──────── Exercise input

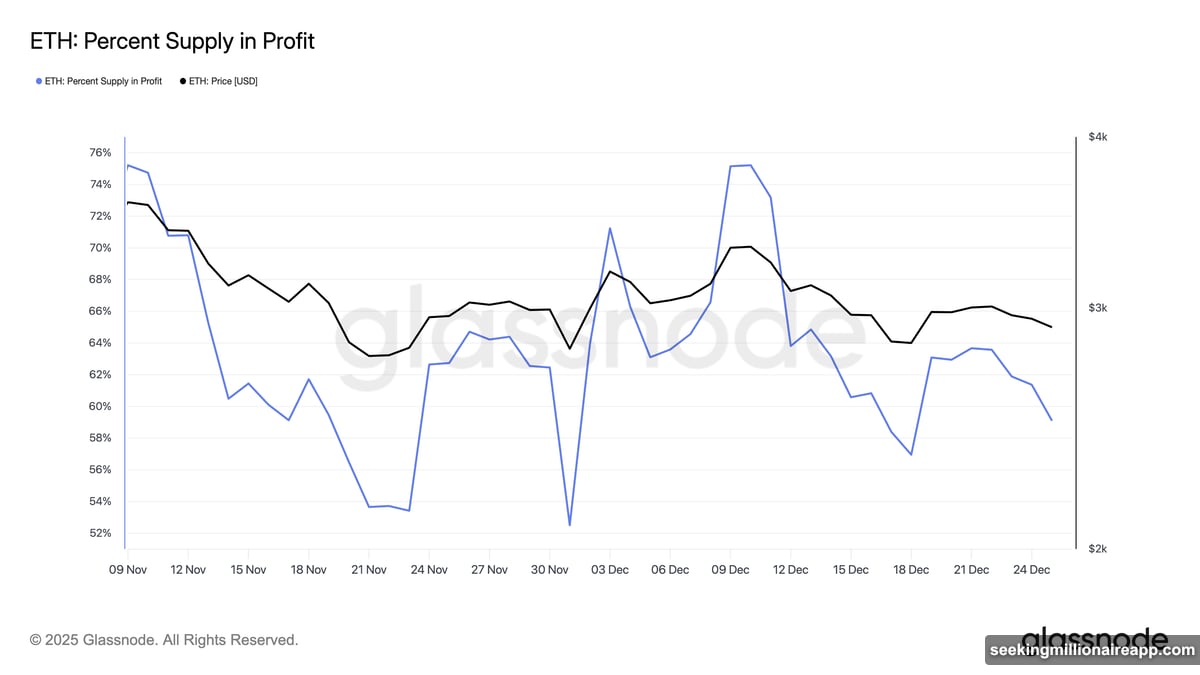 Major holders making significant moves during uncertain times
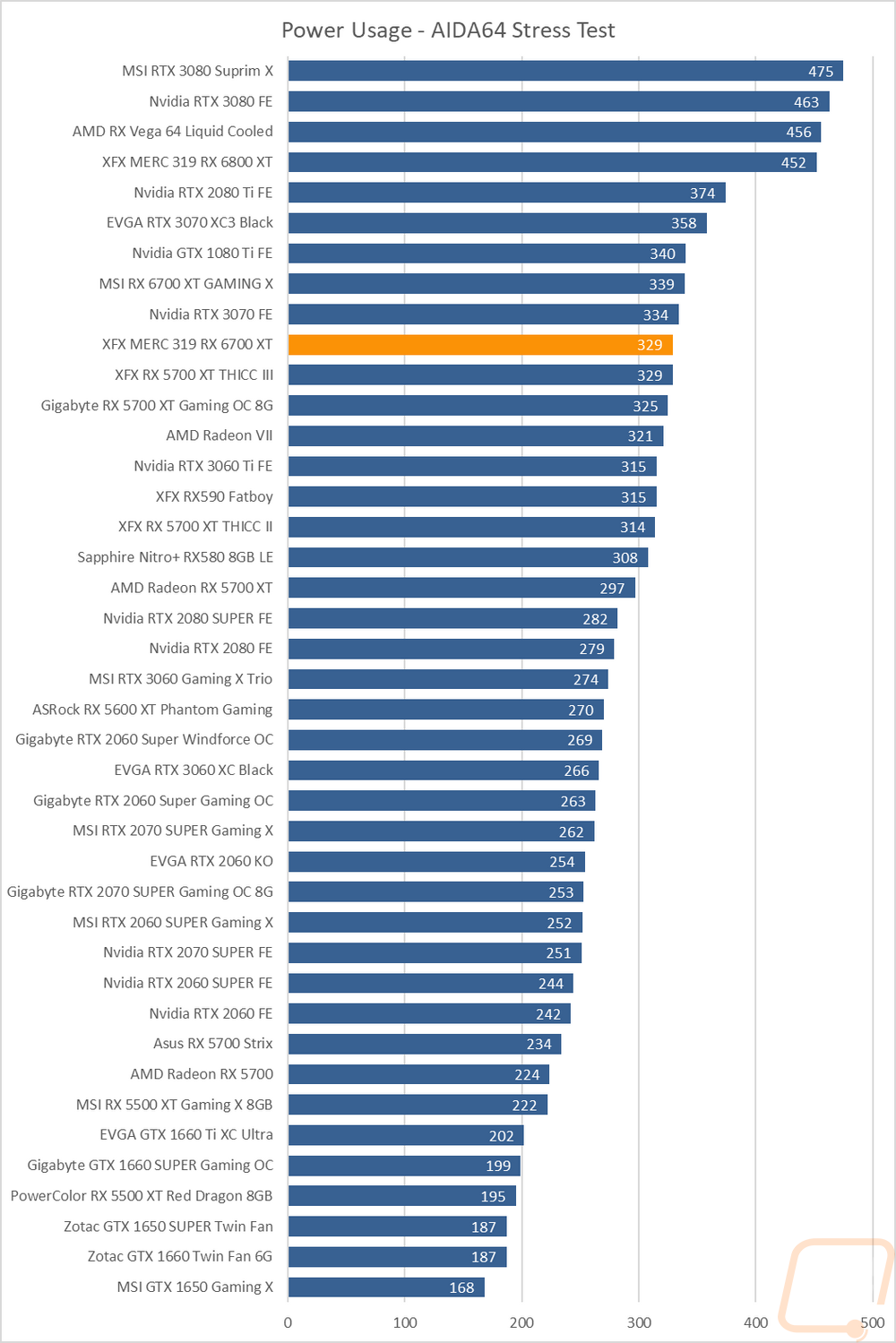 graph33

────────────────
──────── Exercise input

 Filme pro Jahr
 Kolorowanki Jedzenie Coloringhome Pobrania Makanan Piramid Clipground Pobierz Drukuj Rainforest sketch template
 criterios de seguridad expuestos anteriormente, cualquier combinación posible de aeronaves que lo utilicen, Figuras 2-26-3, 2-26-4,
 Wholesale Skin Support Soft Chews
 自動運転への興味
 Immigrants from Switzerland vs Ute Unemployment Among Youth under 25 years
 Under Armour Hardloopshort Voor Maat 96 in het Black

────────────────
──────── Exercise input

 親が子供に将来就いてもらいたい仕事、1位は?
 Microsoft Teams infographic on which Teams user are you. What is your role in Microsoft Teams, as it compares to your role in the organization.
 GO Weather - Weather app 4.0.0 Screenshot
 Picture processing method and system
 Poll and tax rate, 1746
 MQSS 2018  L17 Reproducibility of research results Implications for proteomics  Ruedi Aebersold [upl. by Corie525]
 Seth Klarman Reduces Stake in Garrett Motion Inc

────────────────

Task item:
In the listing above, find the line holding "Poll and tax rate, 1746" and the line holding "Seth Klarman Reduces", then output those two lines and every line between them exactly.

Your response:
 Poll and tax rate, 1746
 MQSS 2018  L17 Reproducibility of research results Implications for proteomics  Ruedi Aebersold [upl. by Corie525]
 Seth Klarman Reduces Stake in Garrett Motion Inc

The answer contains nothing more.